Image-caption web data:
= Beginning of Section =

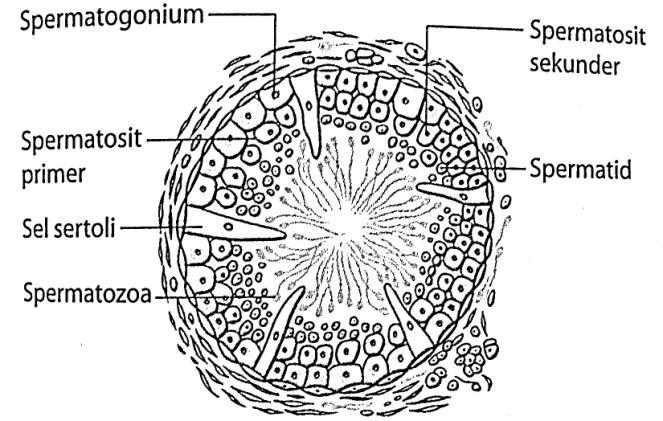5. Pembentukan sperma atau spermatogenesis berlaku dlm tubul seminiferus. Keratan membujur testis 6. Ia dilapisi sel-sel yg belum mengalami pengkhususan yg dikenali sebagai germa primordium 7.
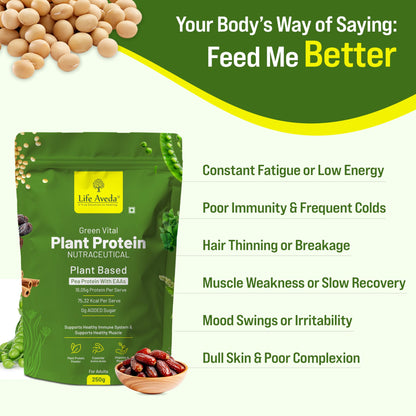 Plant Protein Powder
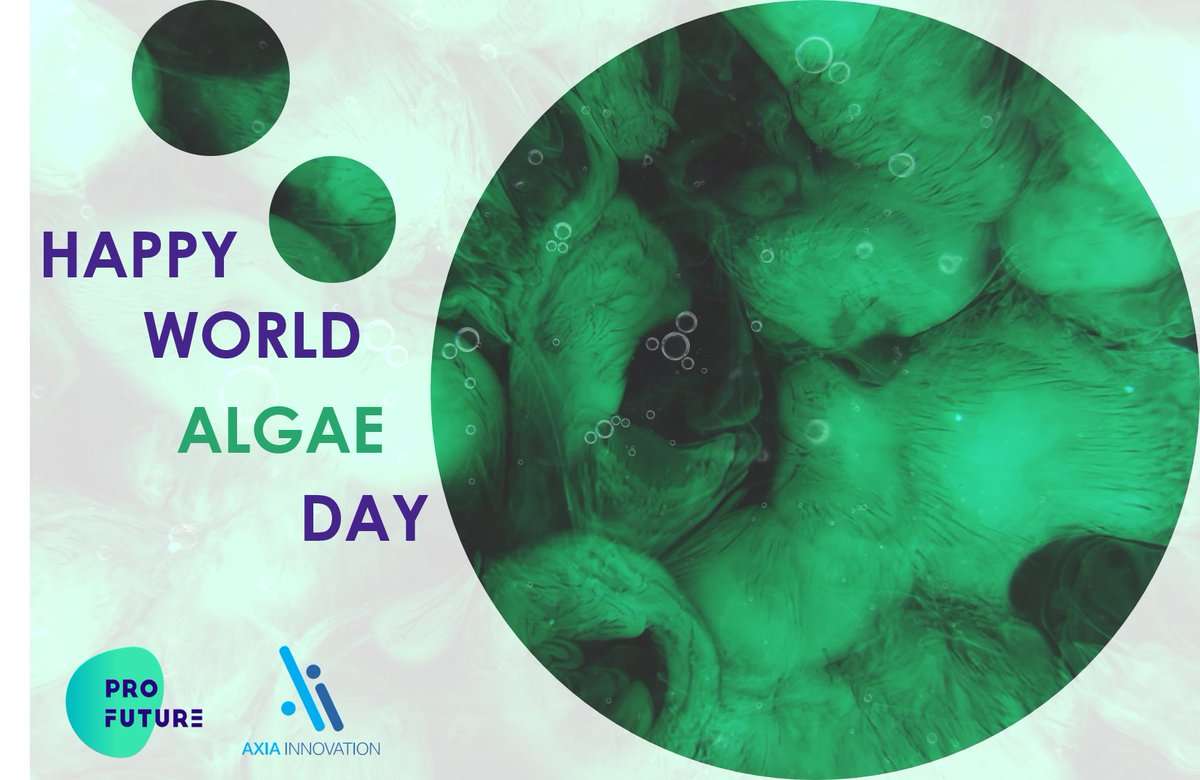 @AxiaInnovation celebrated the #WorldAlgaeDay!
We are happy to be part of the mission towards Proteins of the Future led by the ProFuture project! 

✔️ Curious to find more details? pro-future.eu 

#FutureFood #FutureProteins #ProFutureEU #EU_H2020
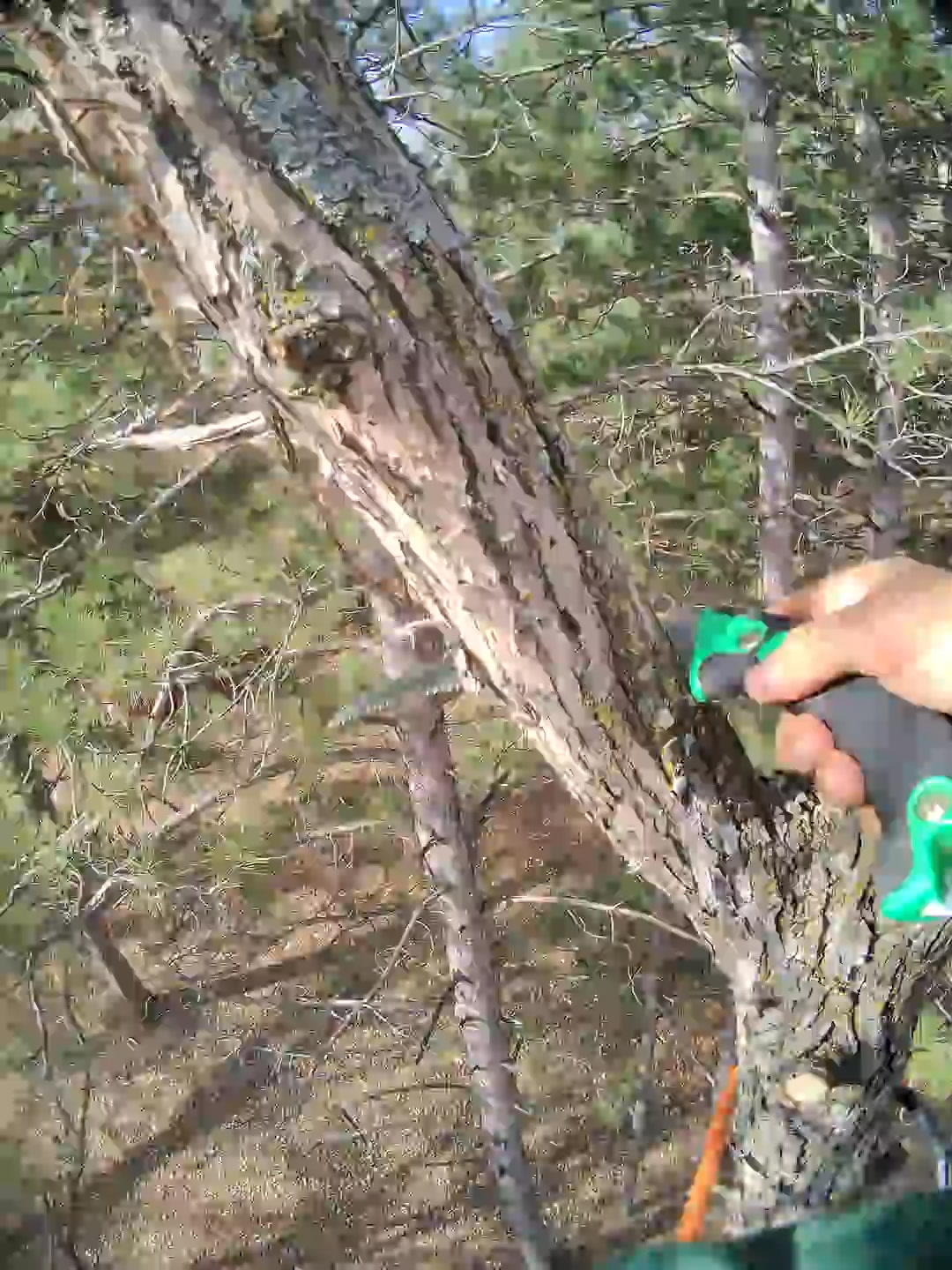 #usareels #treeclimbing #treeworker #satisfying #treeworks #viralreels ...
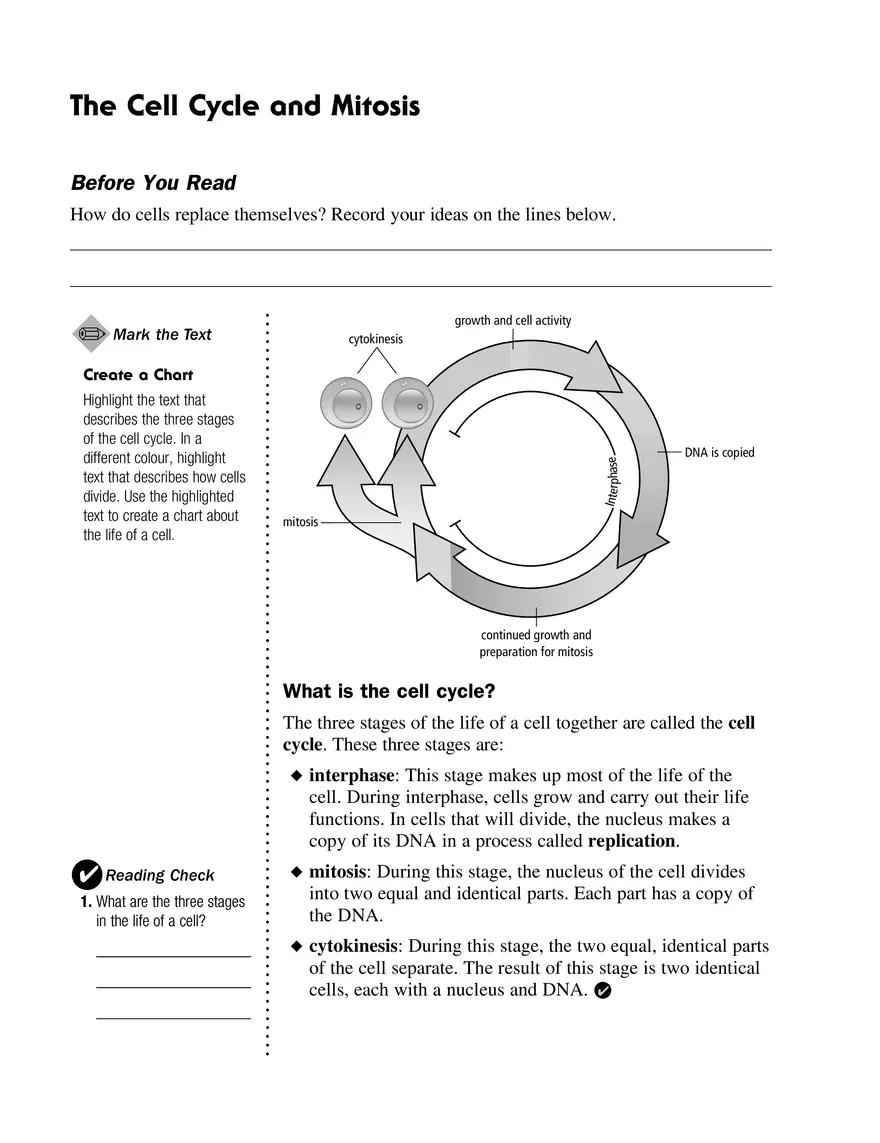 How Do Cells Replace Themselves - Page 1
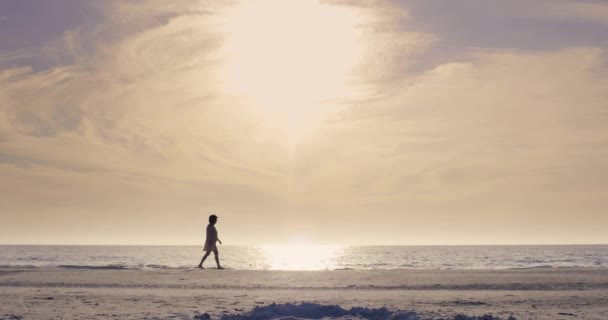 Imágenes Ángulo Bajo Una Mujer Caminando Por Playa — Vídeos de Stock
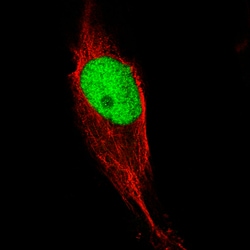 Invitrogen KLF4 Monoclonal Antibody (CL5785) 100 &mu;L; Unconjugated:Antibodies,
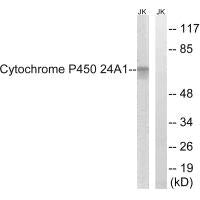 CYP24A1 Antibody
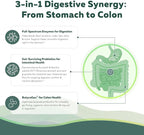 Flora Digest - 3-in-1 Max Strength Digestive Enzymes + Gut Surviving Probiotics & ButyraGen® Postbiotic for Optimal Digestion, Bloating Relief, Regularity, Gut Lining & Colon Support - (60 Capsules)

= End of Section =

| YOUR GOAL |
Nothing but an exact copy of the data, without pictures, should be returned.

| RESPONSE BELOW |
5. Pembentukan sperma atau spermatogenesis berlaku dlm tubul seminiferus. Keratan membujur testis 6. Ia dilapisi sel-sel yg belum mengalami pengkhususan yg dikenali sebagai germa primordium 7.
 Plant Protein Powder
 @AxiaInnovation celebrated the #WorldAlgaeDay!
We are happy to be part of the mission towards Proteins of the Future led by the ProFuture project! 

✔️ Curious to find more details? pro-future.eu 

#FutureFood #FutureProteins #ProFutureEU #EU_H2020
 #usareels #treeclimbing #treeworker #satisfying #treeworks #viralreels ...
 How Do Cells Replace Themselves - Page 1
 Imágenes Ángulo Bajo Una Mujer Caminando Por Playa — Vídeos de Stock
 Invitrogen KLF4 Monoclonal Antibody (CL5785) 100 &mu;L; Unconjugated:Antibodies,
 CYP24A1 Antibody
 Flora Digest - 3-in-1 Max Strength Digestive Enzymes + Gut Surviving Probiotics & ButyraGen® Postbiotic for Optimal Digestion, Bloating Relief, Regularity, Gut Lining & Colon Support - (60 Capsules)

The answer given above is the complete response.